### How to complete this task
Without including any images, repeat the data exactly.

### Supplied material
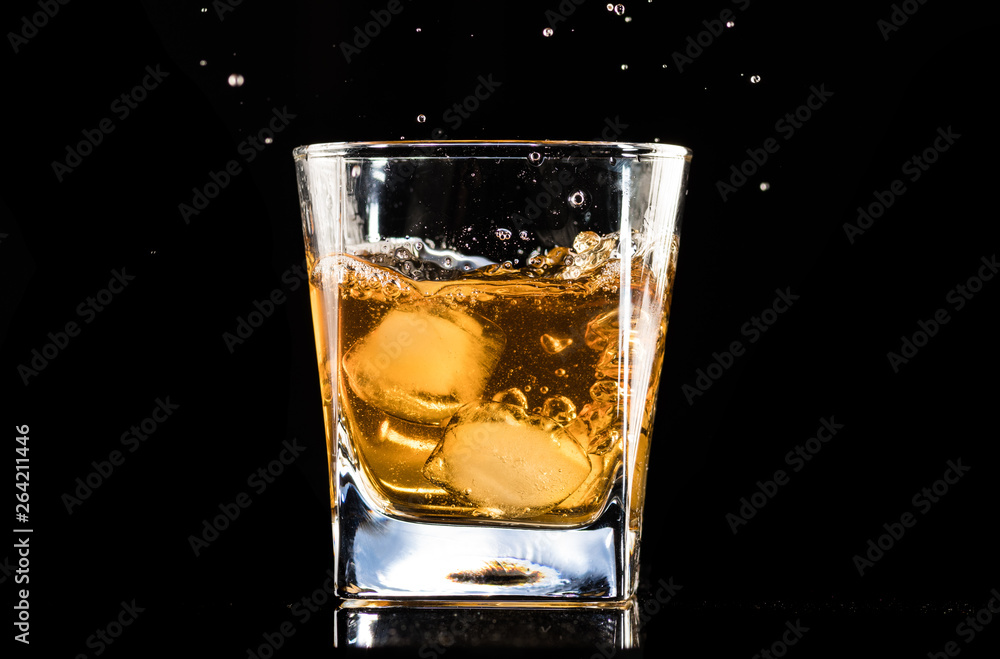 whiskey with ice in a steaming glass on a black background
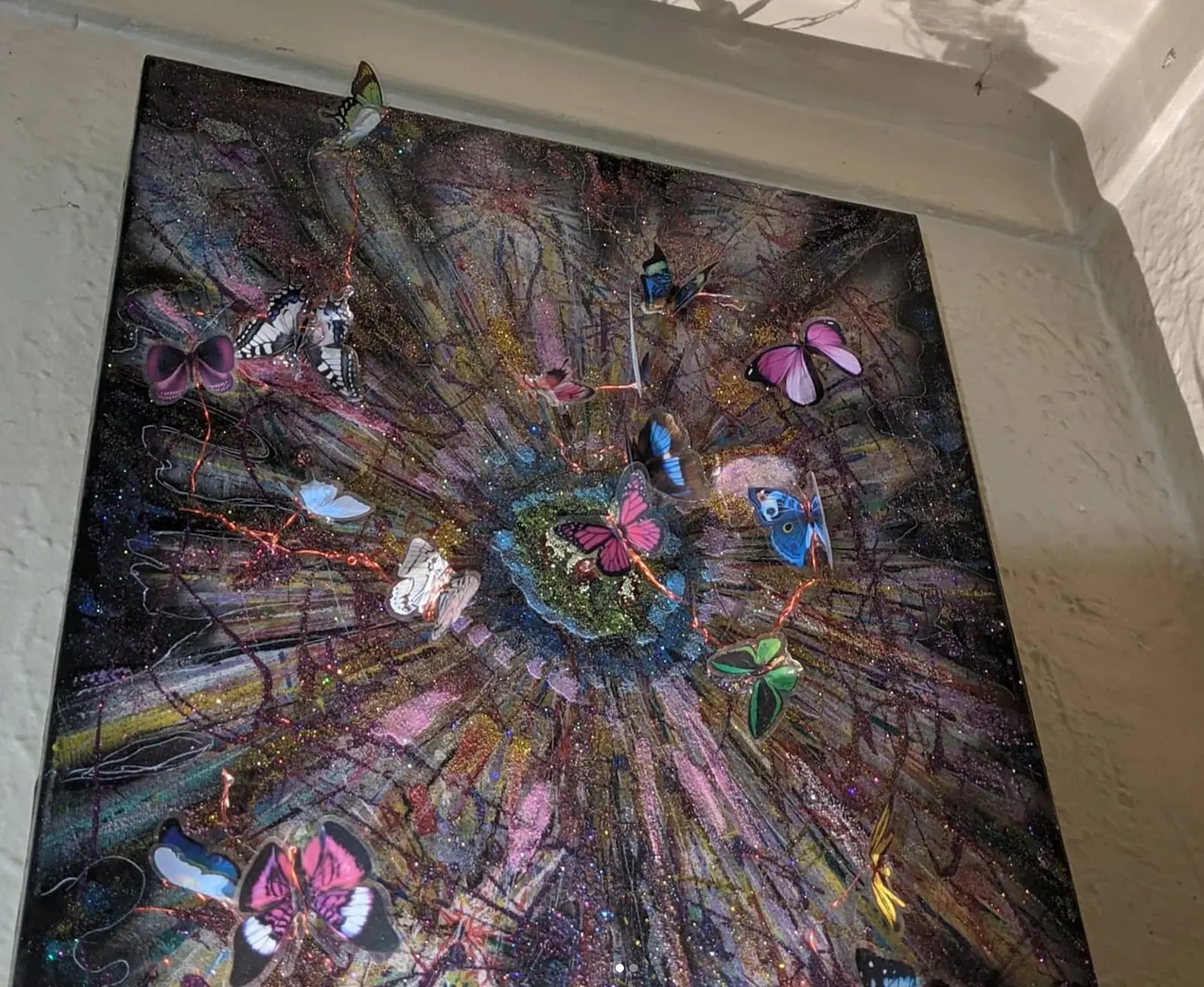 Tableau encadré accroché dans l'angle d'un mur blanc et du plafond, une dizaine de papillons colorés en relief autour d'un centre vert pailleté, sur un fond sombre à rayons violets et dorés, œuvre de Robert Bibeau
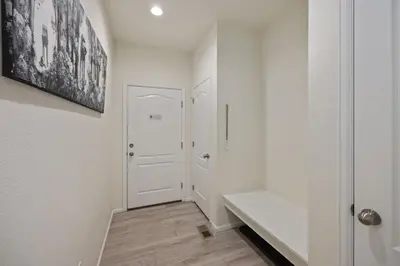 a hallway with white walls and a white door at Modern & Stunning Home near Breweries and Old Town in Fort Collins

### Answer to the exercise
 whiskey with ice in a steaming glass on a black background
 Tableau encadré accroché dans l'angle d'un mur blanc et du plafond, une dizaine de papillons colorés en relief autour d'un centre vert pailleté, sur un fond sombre à rayons violets et dorés, œuvre de Robert Bibeau
 a hallway with white walls and a white door at Modern & Stunning Home near Breweries and Old Town in Fort Collins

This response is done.